I used Xtra Bright Green and Blue LED's from Hong Kong but Radio Shack LED's should be fine, just a lot more expensive. 

Simply place the battery between the LED leads. The + lead from the LED goes over the "+" side of the battery. The LED should light as soon as it touches both sides of the battery. I didn't use a resistor, seems to work fine. 

Tape around the battery to hold the leads in place, making sure there's no exposed sharp edges to pop the balloon. Drop it inside a balloon, then fill it with helium. At the end of the night you can retrieve the LED's for future use. I'll use some dark green 50# test fishing line to fly the balloons over the graveyard about 50 feet up. The line should be invisible. 

You can use these LED lights for other applications because they're so small.


----------



## ScareySuzie (Oct 17, 2006)

that is such a cool idea. The LEDs I got for my spiders eyes were $2 a piece from Radio Shak. Any stores sell them cheaper?


----------



## MansionHaunter (Sep 20, 2006)

Just as a warning, don't expect the LED or the battery to last without a resistor.

The fact is, a battery will try to put out as much current as it can, and an LED will try to pass as much current as is given to it. The resistor keeps this from going out of control and damaging the LED from over current.


----------



## dynoflyer (Oct 8, 2006)

SS - I found the link on this forum and bought LED's on eBay. Search besthongkong on eBay. 50 LEDs go for $4.95 plus $9 postage. Ships from Singapore via airmail, but I doubt you'll see them before Halloween, now. Mine took about nine days to arrive. Red, Green, Blue and UV.

MH, I've got one going now to see how long it'll stay lit. So far, so good, been about 2 hours. Still going and going [wait, that's energizer's commercial, oops! These are Trusted Everywhere!] I'd be happy with 3 - 5 hours battery life. At .10 each, the LED's are expendable. Good advice though, thanks.

I've also built 5 LED spotlights running 9V batteries (w/resistors) hot melt glued into a 35mm film can with 4 LED's each.
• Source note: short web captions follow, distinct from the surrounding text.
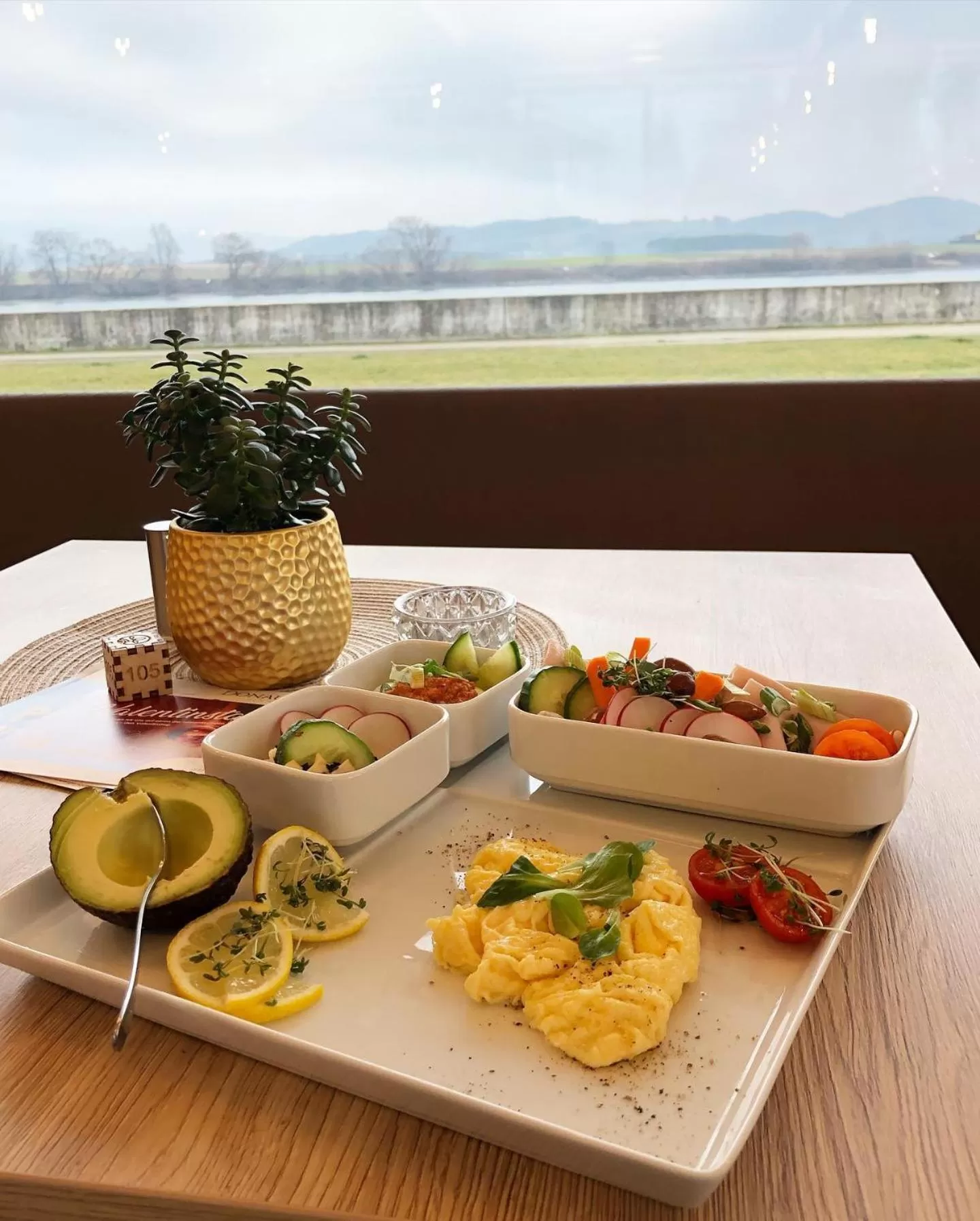 Breakfast in Babenbergerhof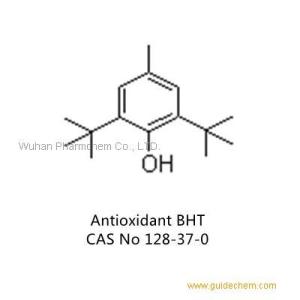 2,6-di-tert-butyl-4-methyl-phenol, Antioxidant BHT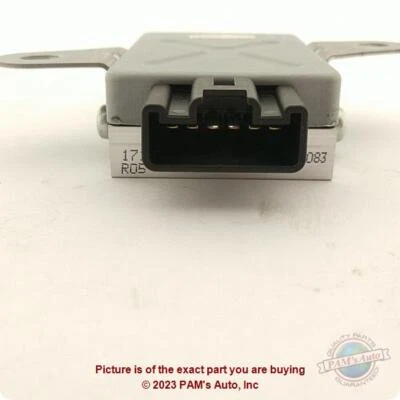 Módulo de control de bomba de combustible usado se adapta a: Lexus NX200T 2015 bomba de combustible LH cuarto interior Foto 1 de 4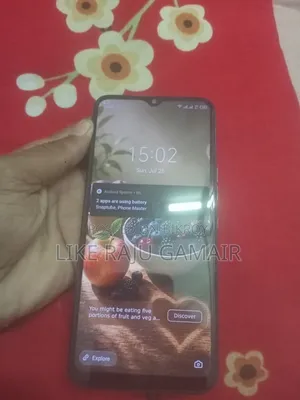 Tecno Spark 8C 64 GB Blue
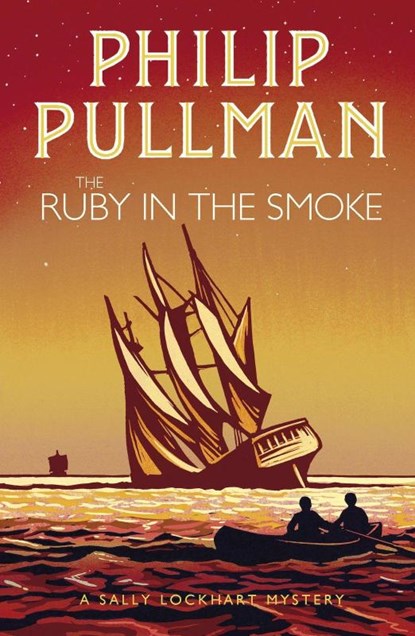 The Ruby in the Smoke, Philip Pullman - Paperback - 9781407191058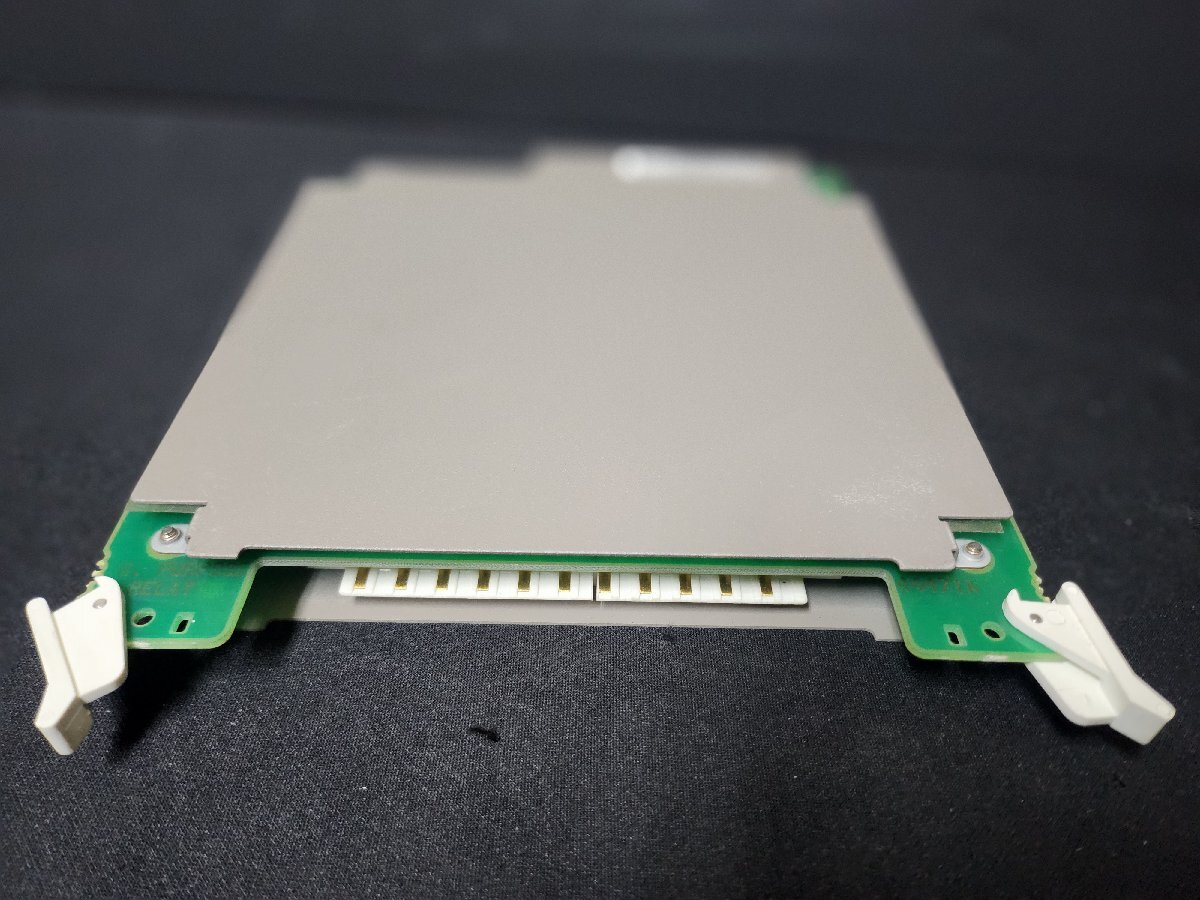 「NBC」Agilent 44471A 10チャネル汎用リレー・モジュール 10-Channel General Purpose Relay Module (0181)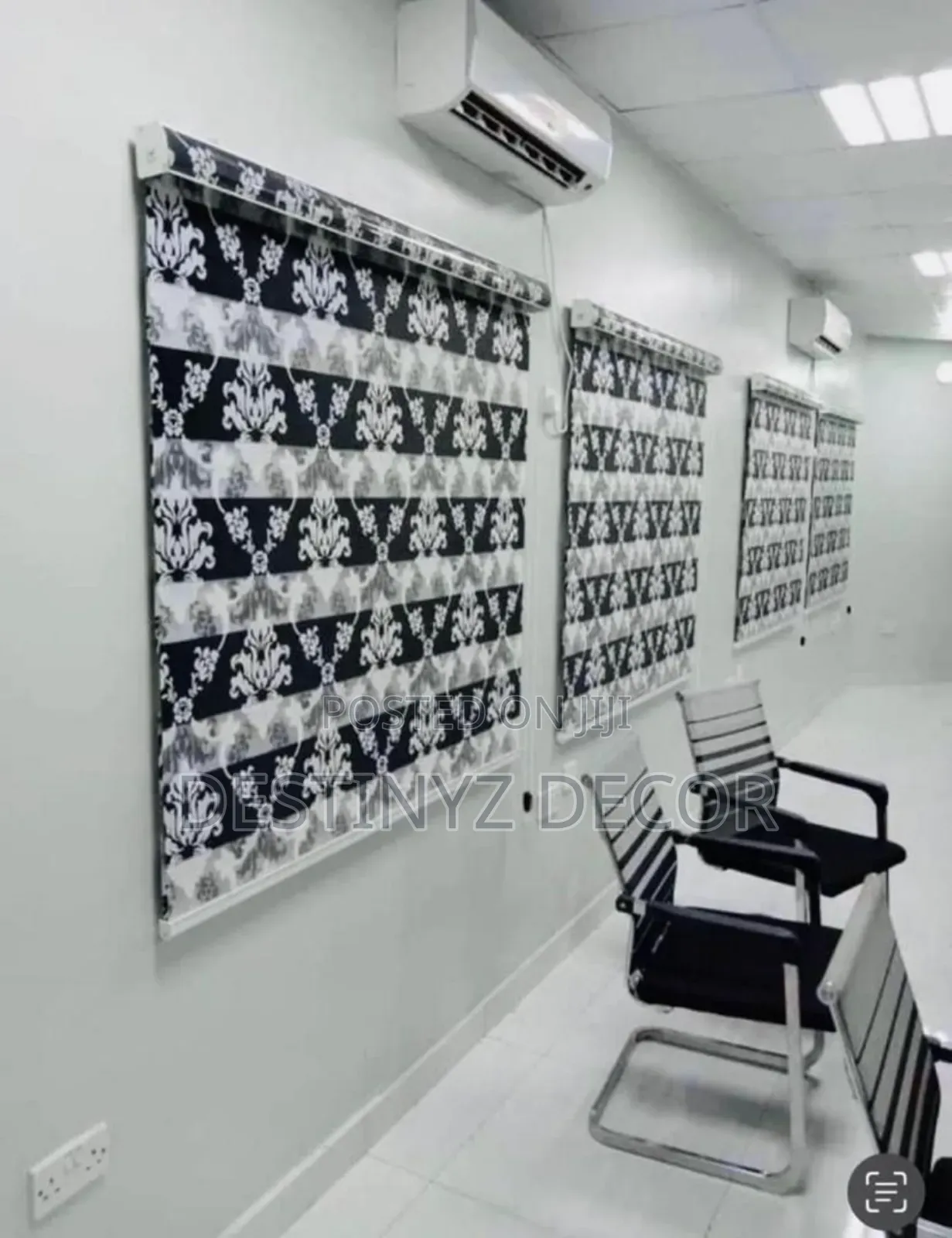 Embellishing Window Blinds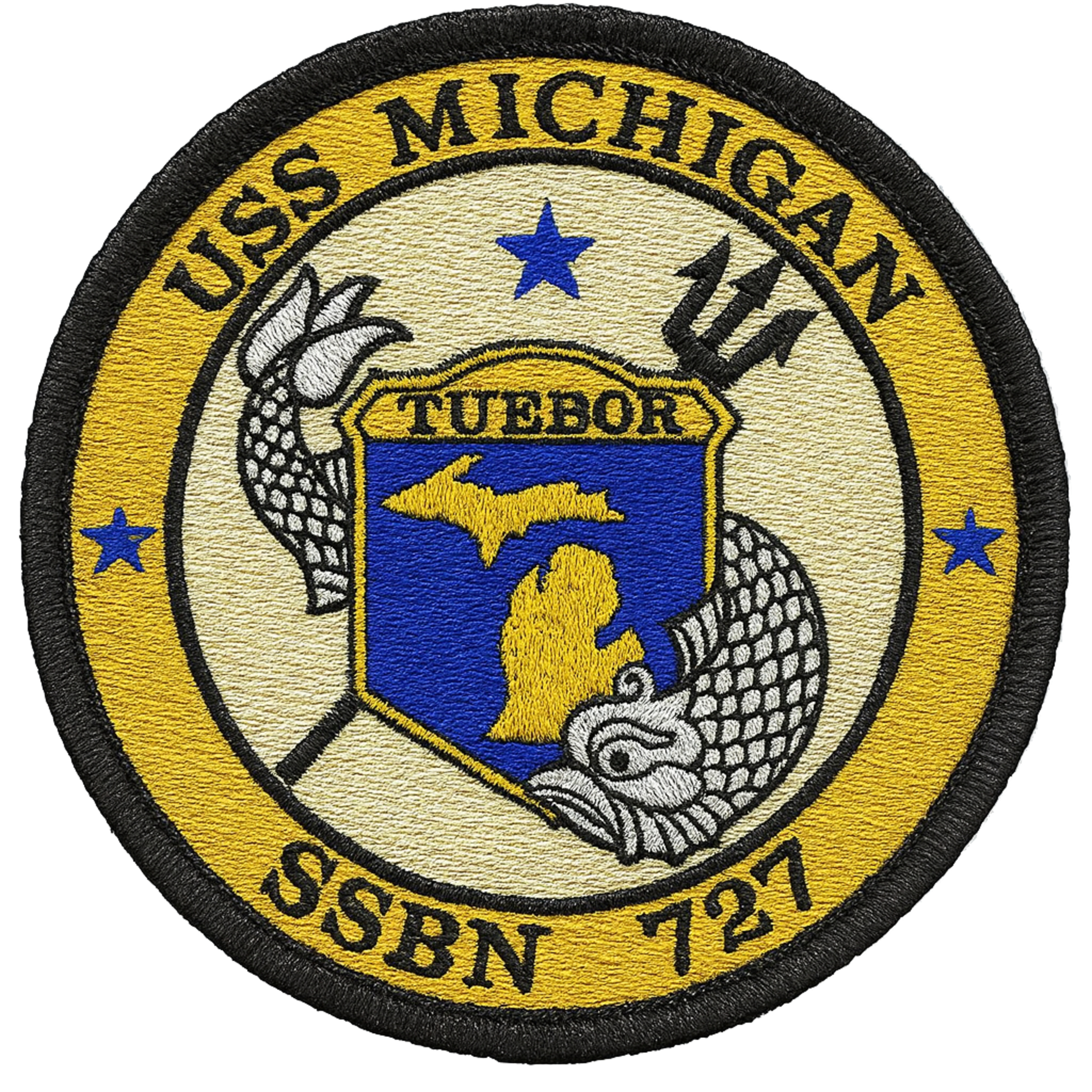 A Cold War Legacy and 21st Century Vanguard: USS Michigan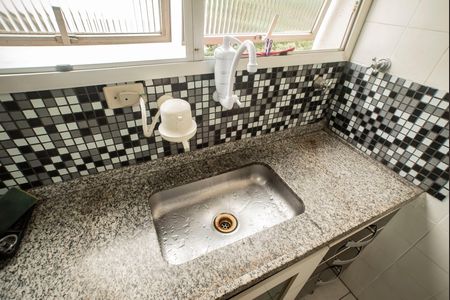 Apartamento à venda com 78m², 2 quartos e 1 vagaCozinha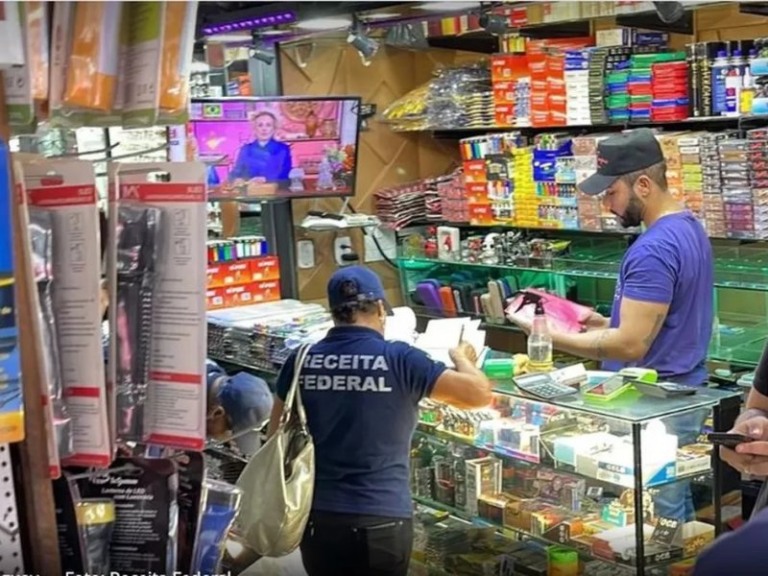 Divulgação / Receita Federal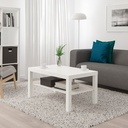 LACK Coffee table - white 90x55 cm - image 2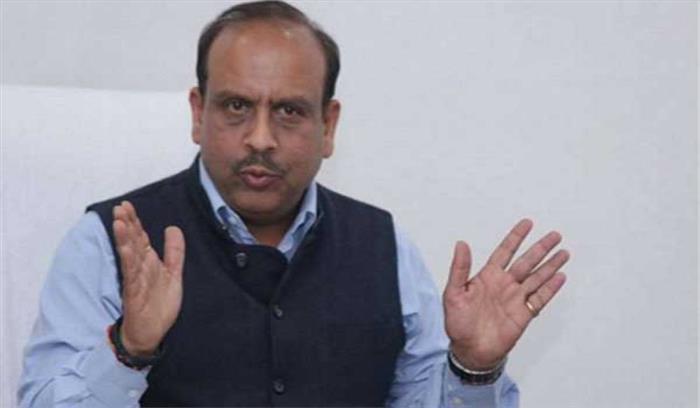 दिल्ली मुख्य सचिव के साथ बदसलूकी पर आप और भाजपा के बीच जुबानी जंग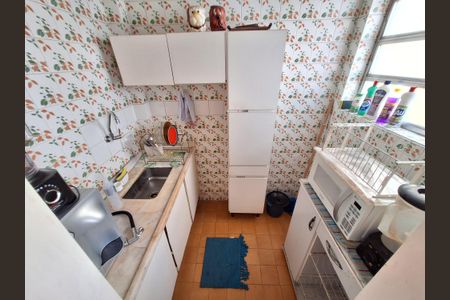 Apartamento à venda com 105m², 1 quarto e sem vaga Apartamento à venda com 105m², 1 quarto e sem vagaCozinha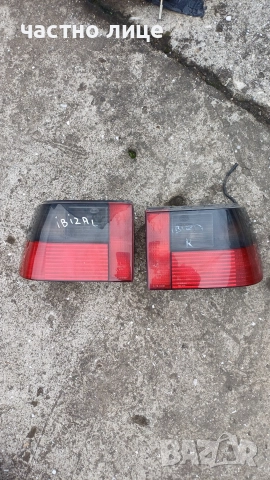 Стопове за Сеат Ибиза 93-99г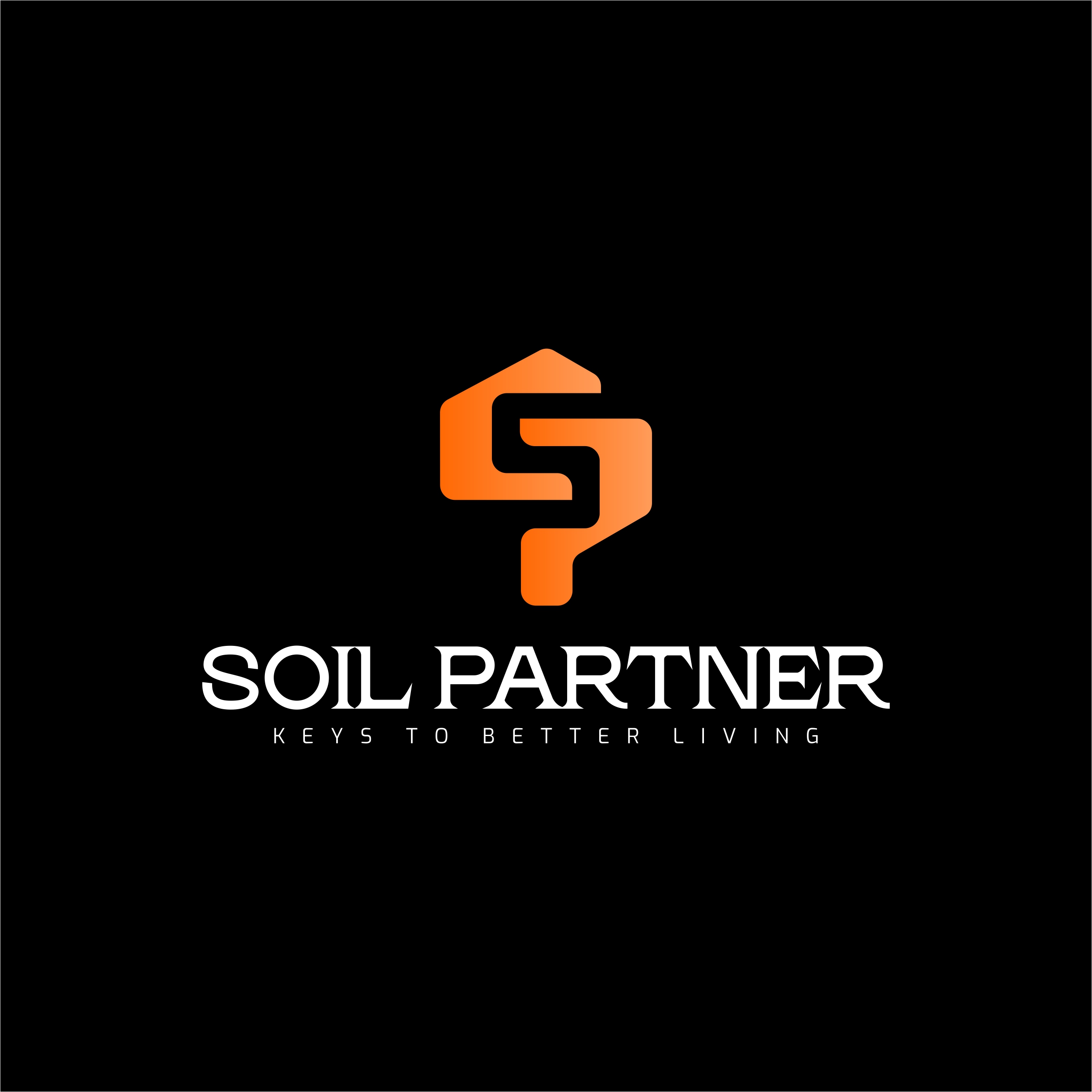 Soil Partner Brand Identity Design — Logo Design 4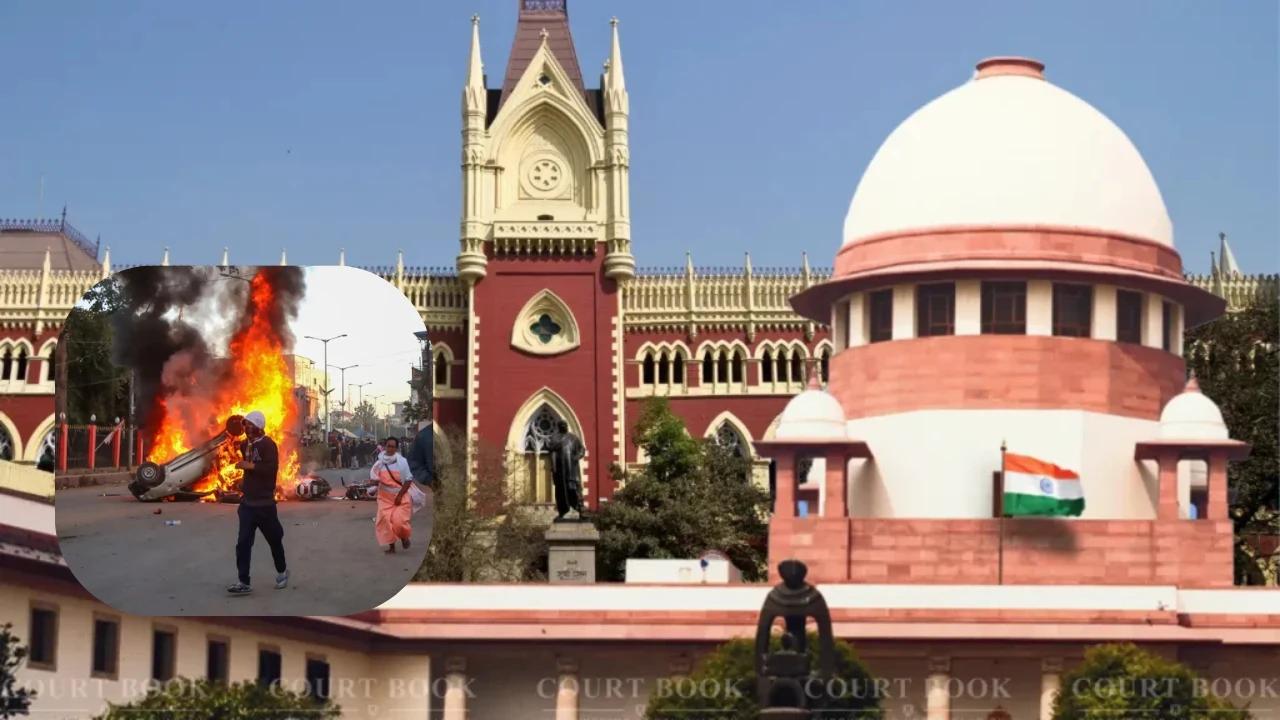 बेलडांगा हिंसा पर सुप्रीम कोर्ट की सख्त टिप्पणी: 'हर भावुक उग्र आर्थिक सुरक्षा पर हमला नहीं'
I put them into a section of PVC pipe mounted to a 1x4 sprayed flat black. They work great! So far they've been out for three nights from dark to 11 pm and still are pretty bright. I'll need new batteries after tonight, though. When I build another one tonight I'll take pics and post them under a new thread. The next one will run off an old 4.5V wall wart from a dead mp3 player.

I love the LED's. The ghouls, skulls and witches in the yard all have glowing, flashing LED eyes. Thanks to the info I've gleaned from this website and the Monster List, too.

I'm having more fun than my kids, this year!! Since Halloween is on Tuesday can't we extend it through the next weekend? I'm not done yet.


----------



## skullboy (Sep 21, 2006)

I tried a similar set up last year with glo-stik type lights.Worked ok until a lil wind came and the balloons started to lose altitude.Lets just say people around me were pulling fishing line off of thier lights and gutters.They all had confused looks on thier faces,like"where the hell did this come from?"


----------



## dynoflyer (Oct 8, 2006)

This picture was taken at 7:45 pm, almost eight hours. The LED is still strong. Less bright than when first lit but plenty bright enough to light up a white balloon at night. Trusted Everywhere. 
Wonder how many balloons it'd take to lift the Beagle?

The damn thing lasted almost a month!


----------